The investment, with potential to create nearly 25 000 jobs, will be implemented in phases.
The first phase involves the drilling of two Coal Bed Methane (CBM) wells at the Shangani grants to fire a 12MW pilot power station, President Mnangagwa told reporters at a signing ceremony.
Under the second phase, more productive wells will be drilled and a 400 MW plant set up.
Sinosteel agreed to build two ferrochrome smelters in Zvishavane and another one in Kwekwe, where it already operates the country's largest ferrochrome plant.
Mines and Mining Development Minister Winston Chitando signed the deal on behalf of the Government, while the Chinese firm was represented by its president Andong Liu.
The signing ceremony was also witnessed by Vice Presidents Constantino Chiwenga and Kembo Mohadi as well as other senior Government officials.

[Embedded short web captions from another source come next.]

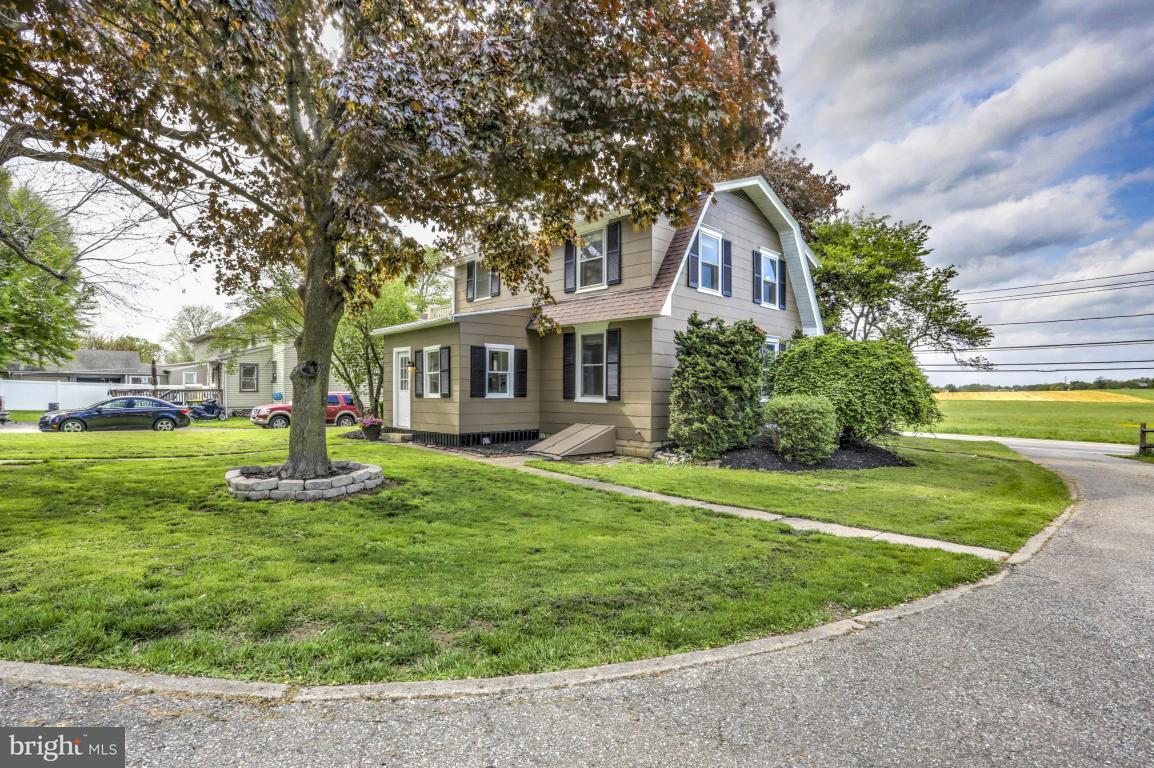 818 Village Road Lancaster, PA 17602 - Photo 16 of 50 Gallery Image 16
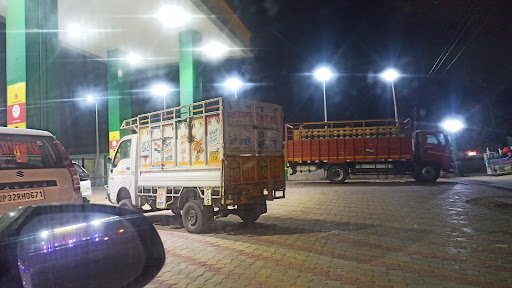 IGS FUEL & ENERGY CNG STATION INDRAPRASTHA CNG GAS STATIONS. .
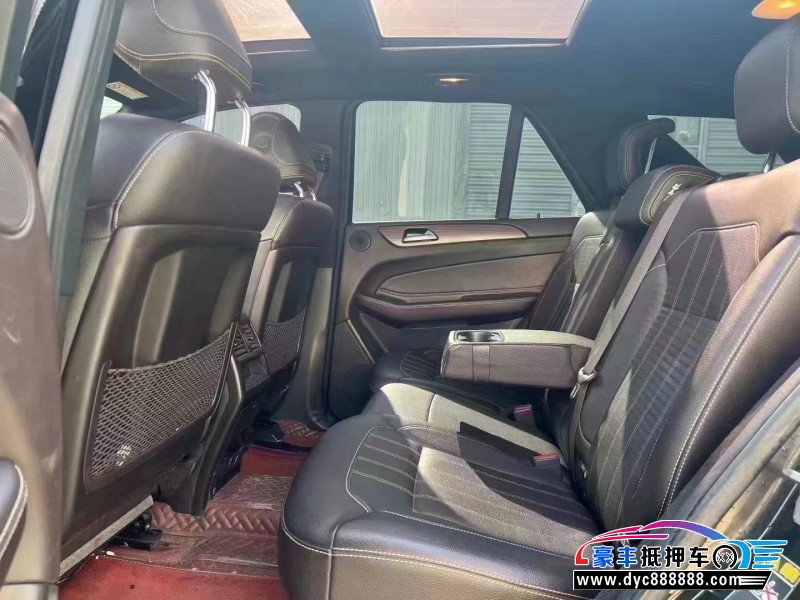 18年奔驰GLE轿车抵押车出售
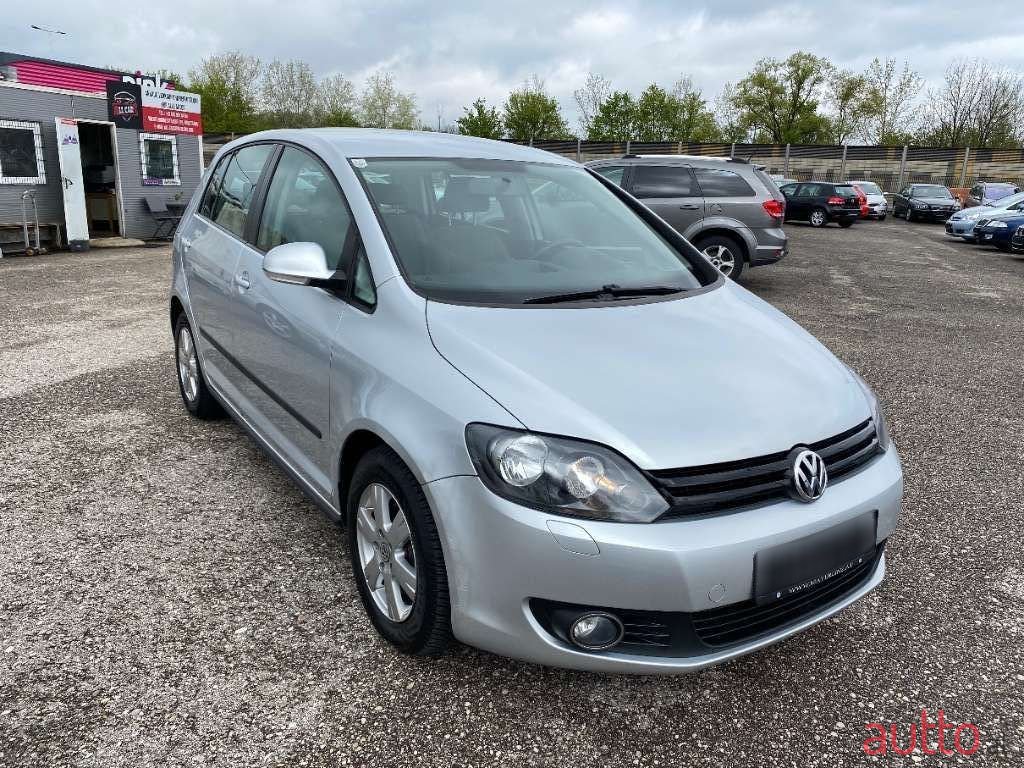 2009' Volkswagen Golf photo #1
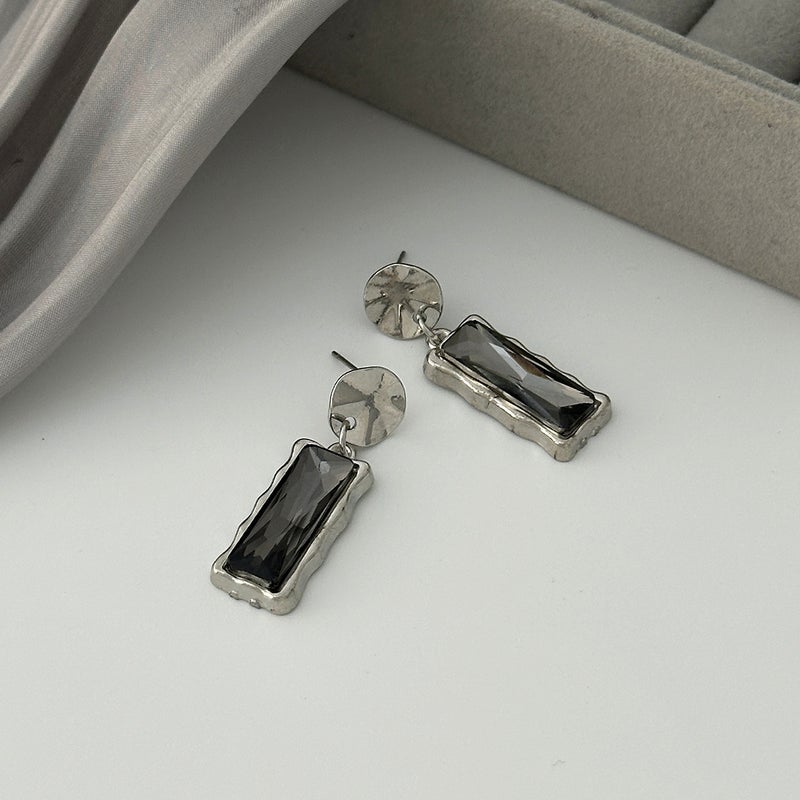 SHIXIN European and American Cross-Border Jewelry: Sweet Cool Style Square Black Diamond Pendant Earrings, Unique Irregular Geometric Design for Women - Image 4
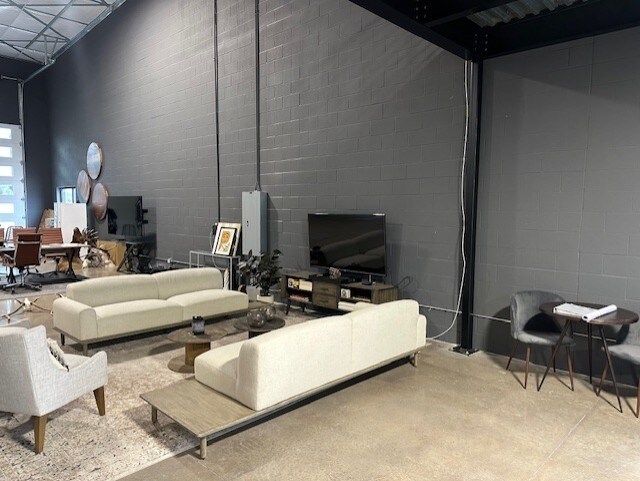 More Photos Of 529 SH 46 E, Boerne Showroom For Sale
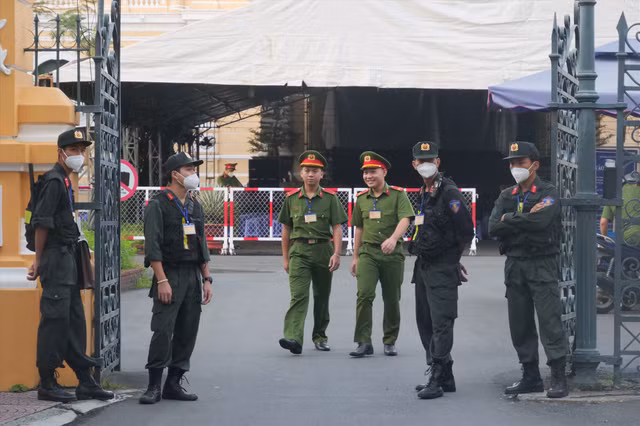 Vu an Chu tich dia oc Alibaba Nguyen Thai Luyen va dong pham: Siet chat an ninh phien toa-Hinh-3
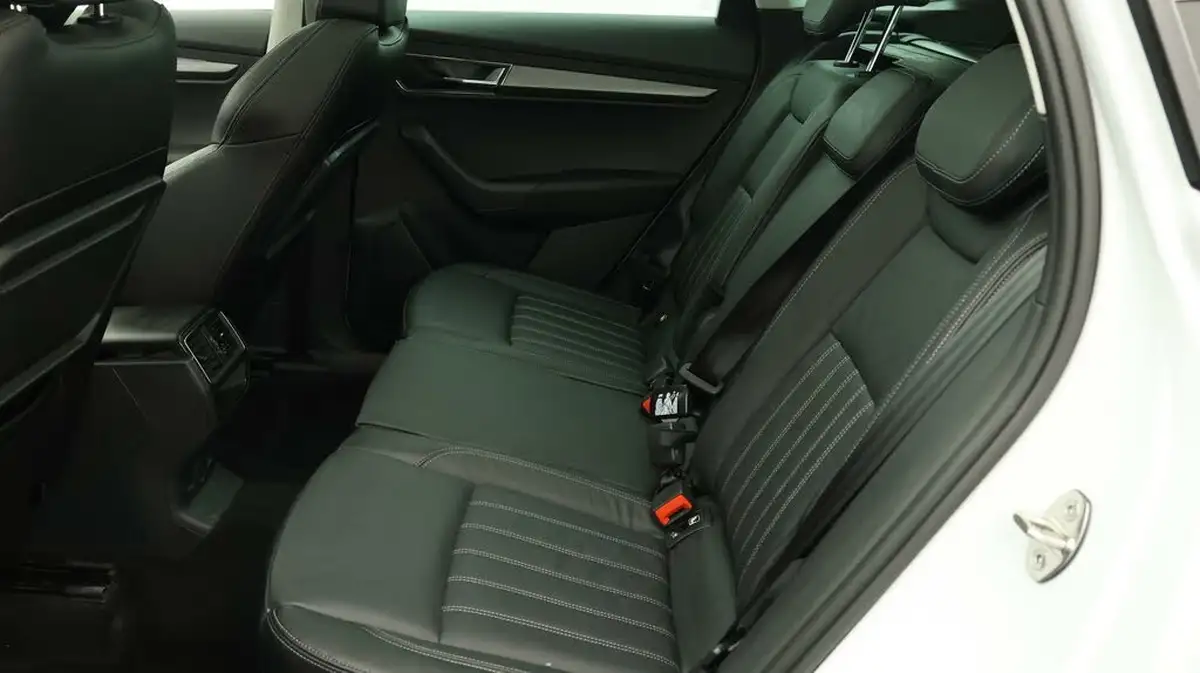 2018-skoda-karoq-20tdi-edition-big-16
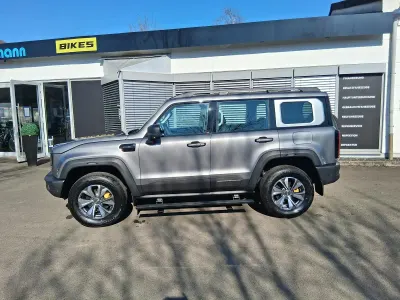 Neu Baic BJ40 234 PS (172 kW) 2026 Grau SUV
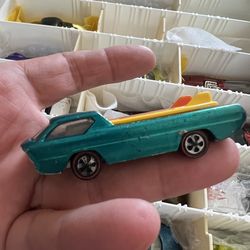 Hotwheels Redlines Deora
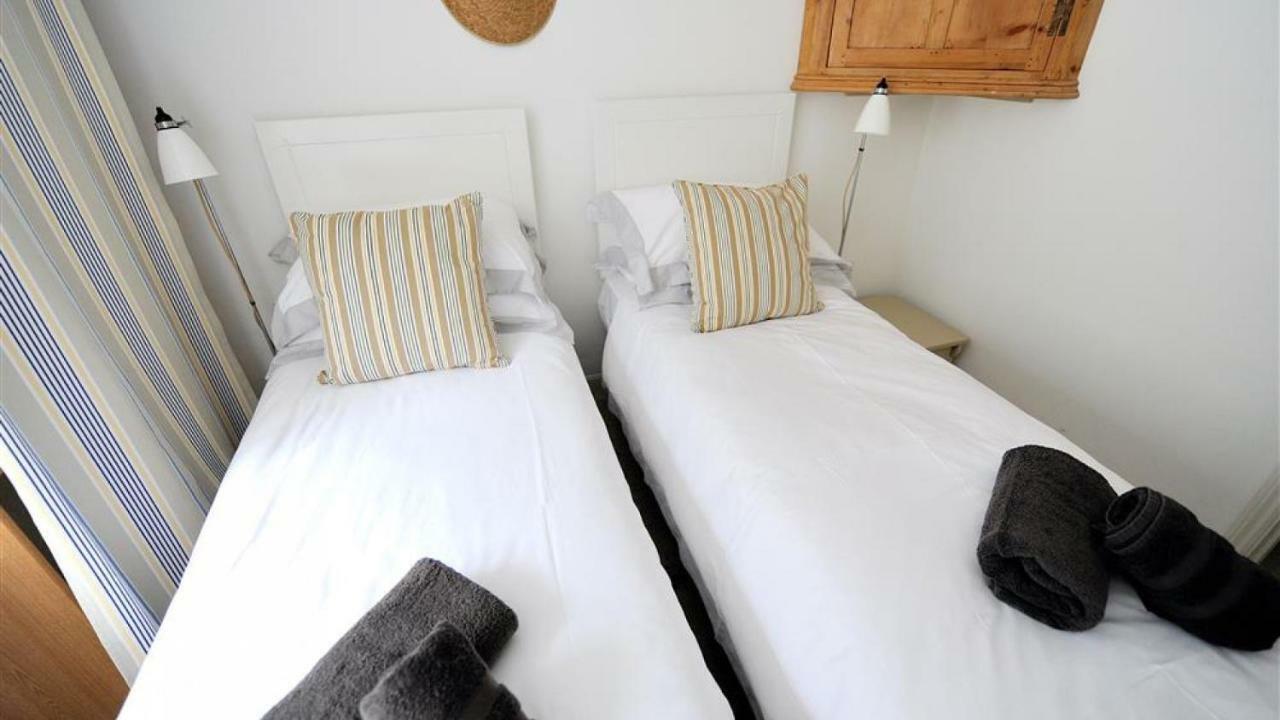 10 Cobb Terrace Villa Lyme Regis Luaran gambar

Coal bed methane reserves were first discovered in Matabeleland North some decades ago, but commercial exploration has failed to take off due to lack of investment.
"We are gathered here today to witness our country taking massive strides to tap into coal bed methane industry," President Mnangagwa said.
"As a country, we are endowed with a substantial number of minerals most of, which are still to be exploited including coal bed methane. The untapped sector presents unique and competitive investment opportunities."
The electricity generated would be used by Zimasco's chrome smelting operations with excess supplied to the national grid.
Apart from electricity generation, CBM can also be used in fertiliser and Liquefied Petroleum Gas production.
Mr Andong said the Chinese firm was looking at setting up three more furnaces to ramp up annual ferrochrome production to 300 000 tonnes in the next five years from 120 000 tonnes and 500 000 tonnes in the next decade.
The power plant would start operating in 2025.
President Mnangagwa said the signing of the agreement with Sinosteel, the majority shareholder in Zimasco, was testimony of his administration's wilingness to open up the economy to investment and re-engage the global community to do business with Zimbabwe.
Over the past six months, President Mnangagwa's administration attracted foreign direct investment commitments worth $11 billion in various economic sectors.
He said his Government would continue putting in place measures to facilitate the ease and cost of doing business.
"We will continue to review our processes of facilitating investment inflows," he said.
President Mnangagwa said Government was at an advanced stage of setting up a one stop shop investment centre, which facilitates the ease of doing business and also cuts the amount of time required to register both foreign and local companies.